Scraped caption text data
++++++++

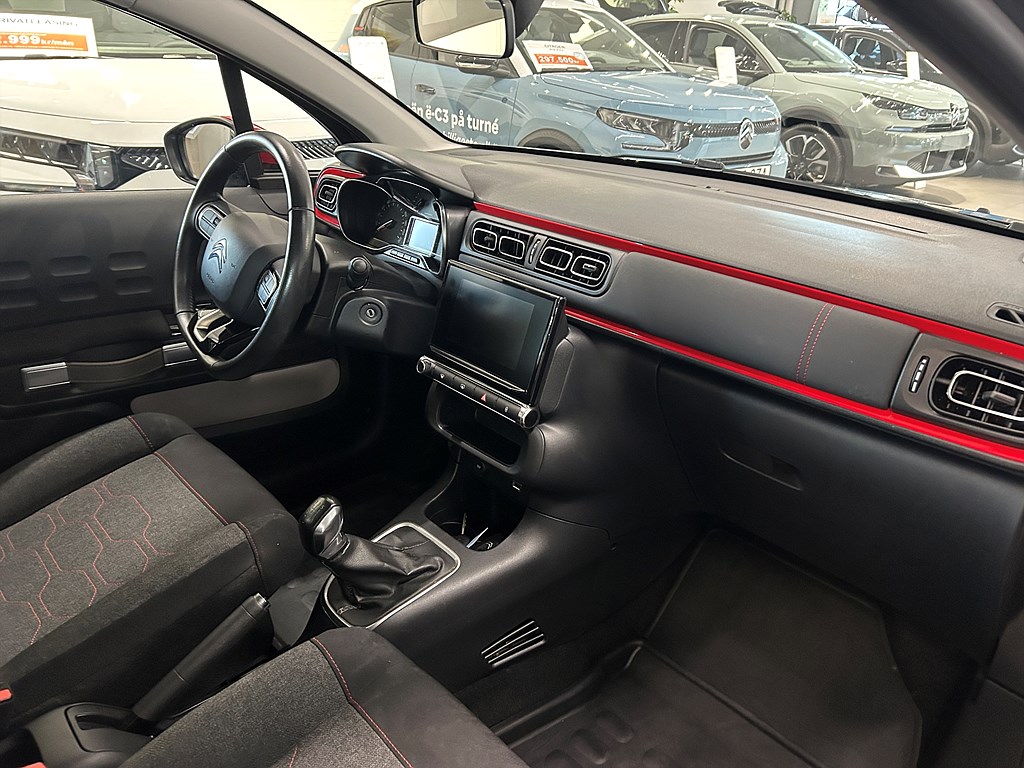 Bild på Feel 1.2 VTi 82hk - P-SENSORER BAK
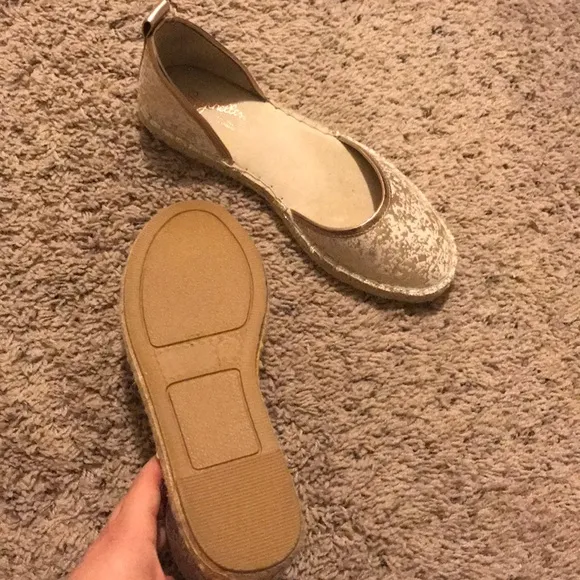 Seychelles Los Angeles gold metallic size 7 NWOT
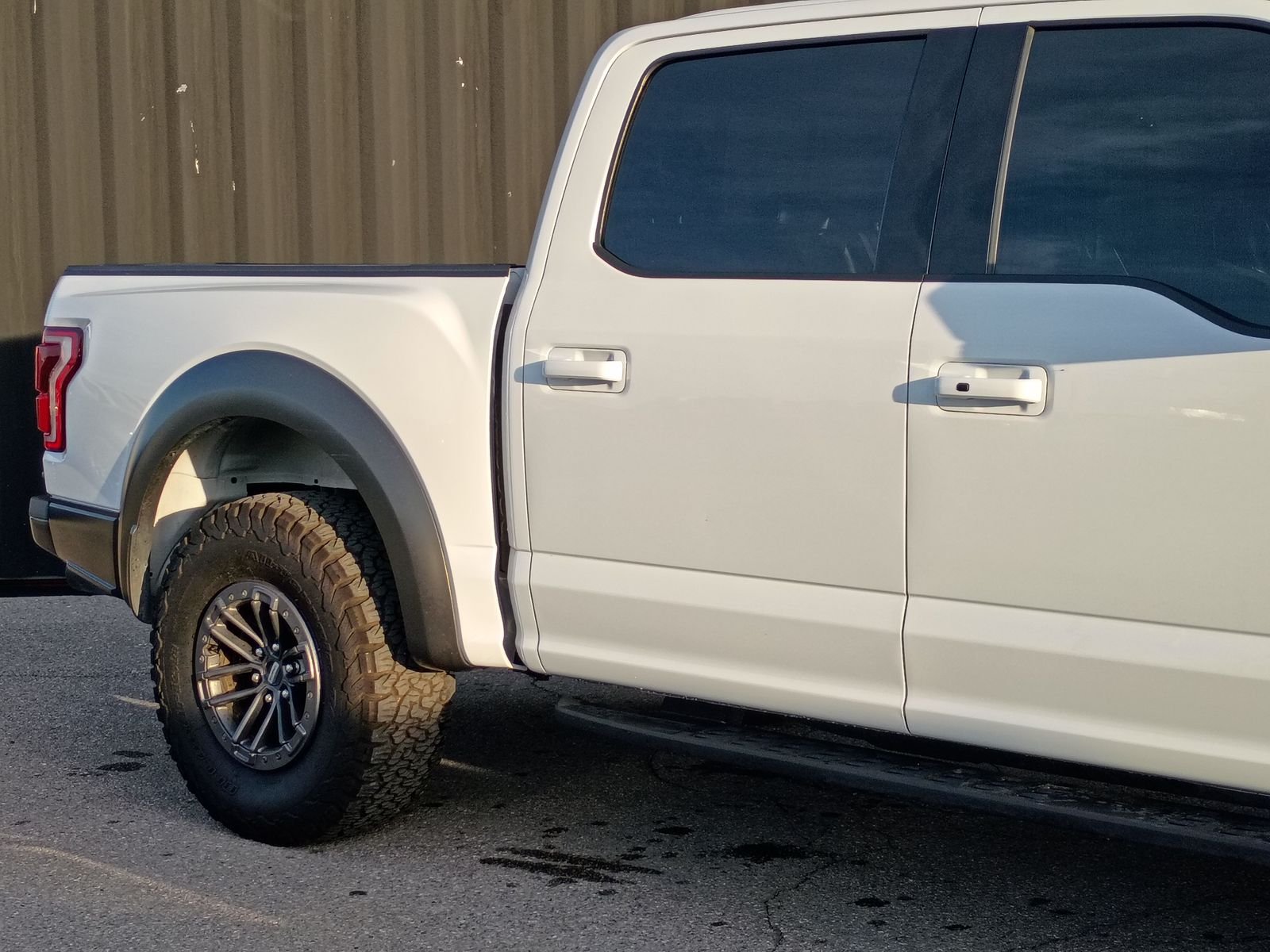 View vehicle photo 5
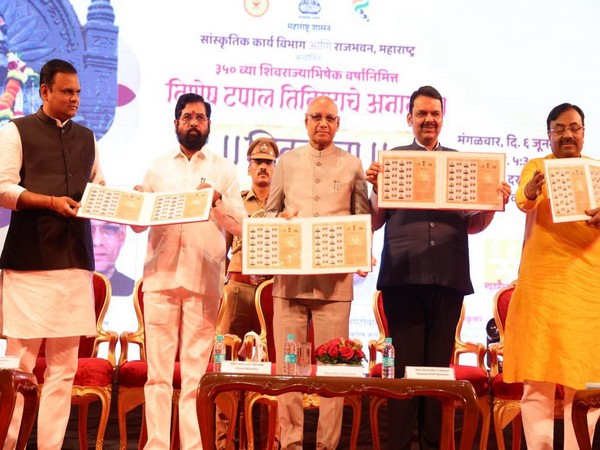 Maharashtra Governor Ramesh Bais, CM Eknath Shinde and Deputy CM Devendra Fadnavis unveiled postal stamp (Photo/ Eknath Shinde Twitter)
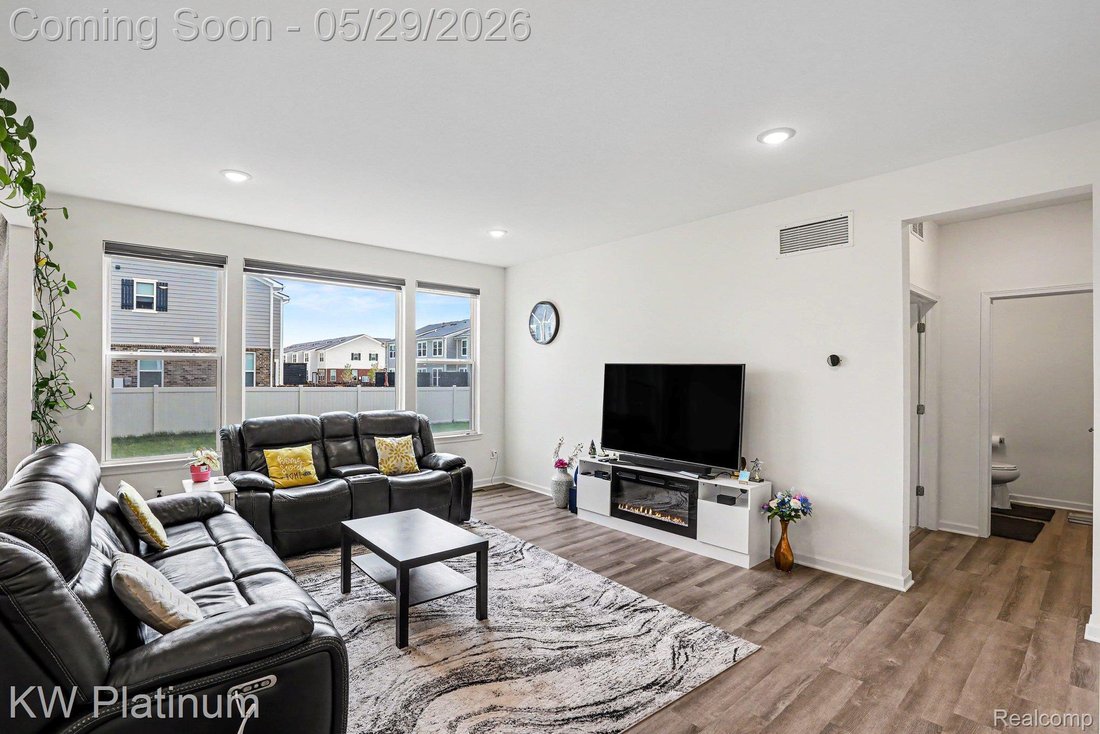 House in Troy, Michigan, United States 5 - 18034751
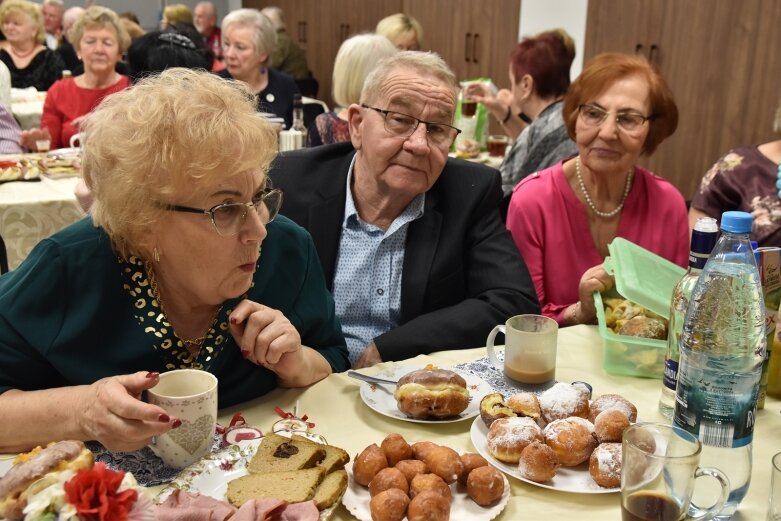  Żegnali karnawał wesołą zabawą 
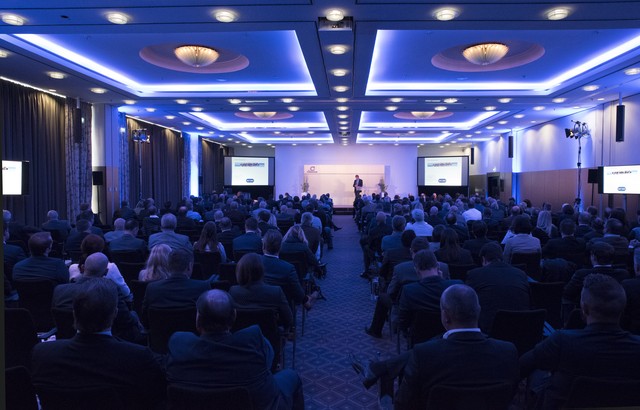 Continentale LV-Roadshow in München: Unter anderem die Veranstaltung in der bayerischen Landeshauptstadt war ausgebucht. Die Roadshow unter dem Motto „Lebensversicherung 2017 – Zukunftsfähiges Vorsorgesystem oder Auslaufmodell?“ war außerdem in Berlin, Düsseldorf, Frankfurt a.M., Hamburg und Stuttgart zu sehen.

++++++++

**Work instruction**
Give the entries above again word for word, without the pictures.

**Exercise result**
 Bild på Feel 1.2 VTi 82hk - P-SENSORER BAK
 Seychelles Los Angeles gold metallic size 7 NWOT
 View vehicle photo 5
 Maharashtra Governor Ramesh Bais, CM Eknath Shinde and Deputy CM Devendra Fadnavis unveiled postal stamp (Photo/ Eknath Shinde Twitter)
 House in Troy, Michigan, United States 5 - 18034751
  Żegnali karnawał wesołą zabawą 
 Continentale LV-Roadshow in München: Unter anderem die Veranstaltung in der bayerischen Landeshauptstadt war ausgebucht. Die Roadshow unter dem Motto „Lebensversicherung 2017 – Zukunftsfähiges Vorsorgesystem oder Auslaufmodell?“ war außerdem in Berlin, Düsseldorf, Frankfurt a.M., Hamburg und Stuttgart zu sehen.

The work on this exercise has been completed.